Memory management

Memory management is especially important for immutable data structures. This is mainly due to:

  1. In order to preserve the old value, new memory has to be allocated to store the new data whenever a container is manipulated. Thus, more allocations are performed when changing than with traditional mutable data structures.
  2. In order to support structural sharing transparently, some kind of garbage collection mechanism is required. Passing immutable data structures around is, internally, just passing references, thus the system needs to figure out somehow when old values are not referenced anymore and should be deallocated.

Thus, most containers in this library can be customized via policies in order to use different allocation and garbage collection strategies.

using default_memory_policy = memory_policy<default_heap_policy, default_refcount_policy, default_lock_policy>

The default memory policy.

using default_heap_policy = free_list_heap_policy<cpp_heap>

The default heap policy just uses the standard heap with a free_list_heap_policy. If IMMER_NO_FREE_LIST is defined to 1 then it just uses the standard heap.

using default_refcount_policy = refcount_policy

By default we use thread safe reference counting.

Memory policy

template <typename HeapPolicy, typename RefcountPolicy, typename LockPolicy, typename TransiencePolicy = get_transience_policy_t<RefcountPolicy>, bool PreferFewerBiggerObjects = get_prefer_fewer_bigger_objects_v<HeapPolicy>, bool UseTransientRValues = get_use_transient_rvalues_v<RefcountPolicy>>
struct immer::memory_policy

This is a default implementation of a memory policy. A memory policy is just a bag of other policies plus some flags with hints to the user about the best way to use these strategies.

Template Parameters
  • HeapPolicy: A heap policy, for example, heap_policy.
  • RefcountPolicy: A reference counting policy, for example, refcount_policy.
  • TransiencePolicy: A transience policy, for example, no_transience_policy.
  • PreferFewerBiggerObjects: Boolean flag indicating whether the user should prefer to allocate memory in bigger chunks e.g. by putting various objects in the same memory region or not.
  • UseTransientRValues: Boolean flag indicating whether immutable containers should try to modify contents in-place when manipulating an r-value reference.

Public Types

using heap = HeapPolicy
using refcount = RefcountPolicy
using transience = TransiencePolicy
using lock = LockPolicy
using transience_t = typename transience::template apply<heap>::type

Public Static Attributes

constexpr bool prefer_fewer_bigger_objects = PreferFewerBiggerObjects
constexpr bool use_transient_rvalues = UseTransientRValues

Example: tracing garbage collection

It is noteworthy that all aspects of a immer::memory_policy are not completely orthogonal.

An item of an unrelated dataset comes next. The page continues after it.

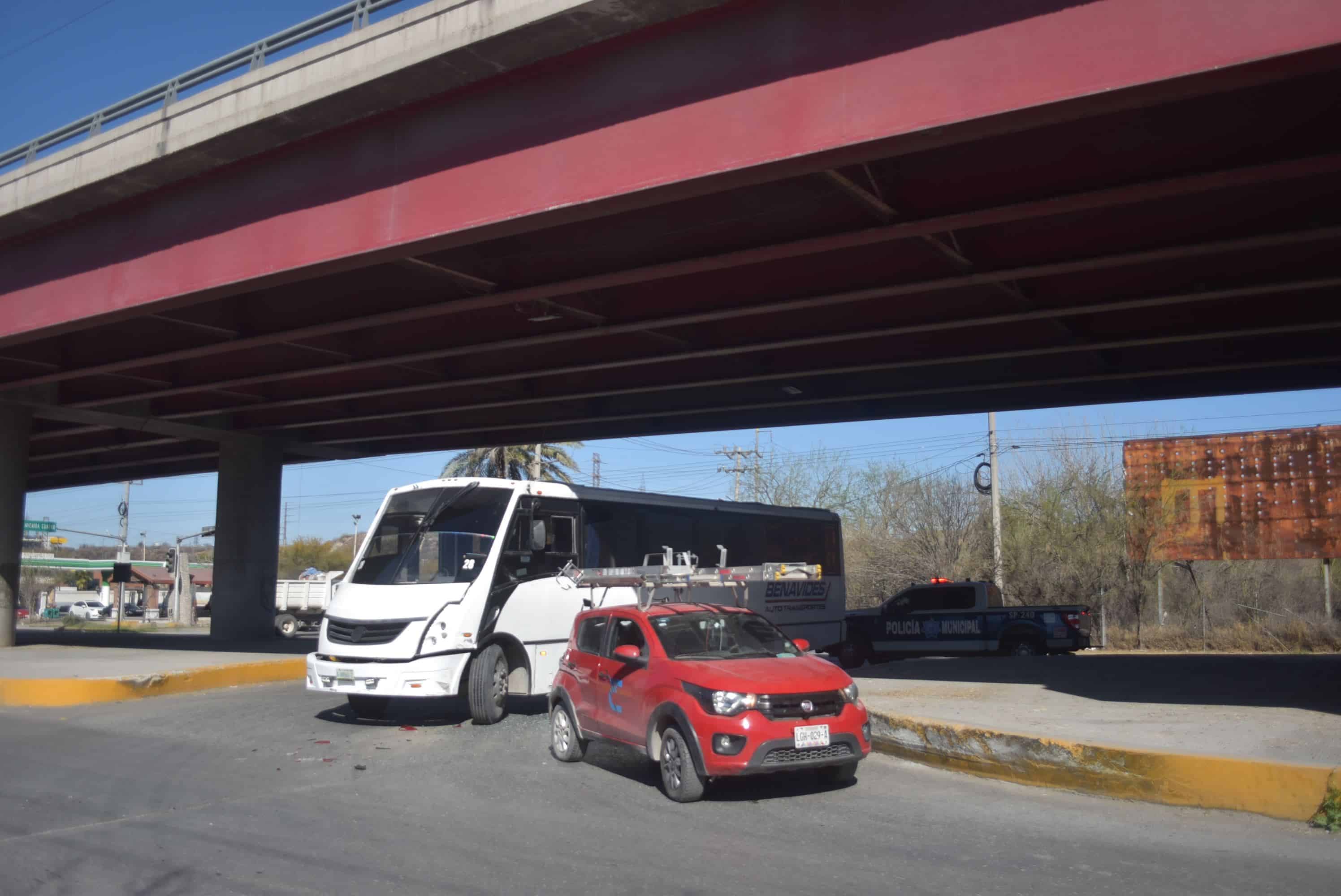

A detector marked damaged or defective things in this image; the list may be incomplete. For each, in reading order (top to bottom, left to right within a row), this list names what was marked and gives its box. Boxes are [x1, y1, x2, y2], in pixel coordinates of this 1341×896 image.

rusty metal structure [1119, 426, 1341, 559]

Let’s say you want to use a tracing garbage collector. Actually, we already provide a heap that interfaces with the Boehm’s conservative garbage collector. Chunks of memory allocated with this heap do not need to be deallocated, instead, after a certain number of allocations, the heap itself will scan the stack and all allocated memory to find references to other blocks of memory. The memory that is not referenced anymore is automatically freed. Thus, no reference counting mechanism is needed, and it makes no sense to use this heap with anything else than the immer::no_refcount_policy. Also, a big object can be separated in parts that contain pointers and parts that do not, which make scanning references faster. So it makes most sense to use prefer_fewer_bigger_objects = false.

Note

There are few considerations to note when using gc_heap with containers. Please make sure to read its documentation section before using it.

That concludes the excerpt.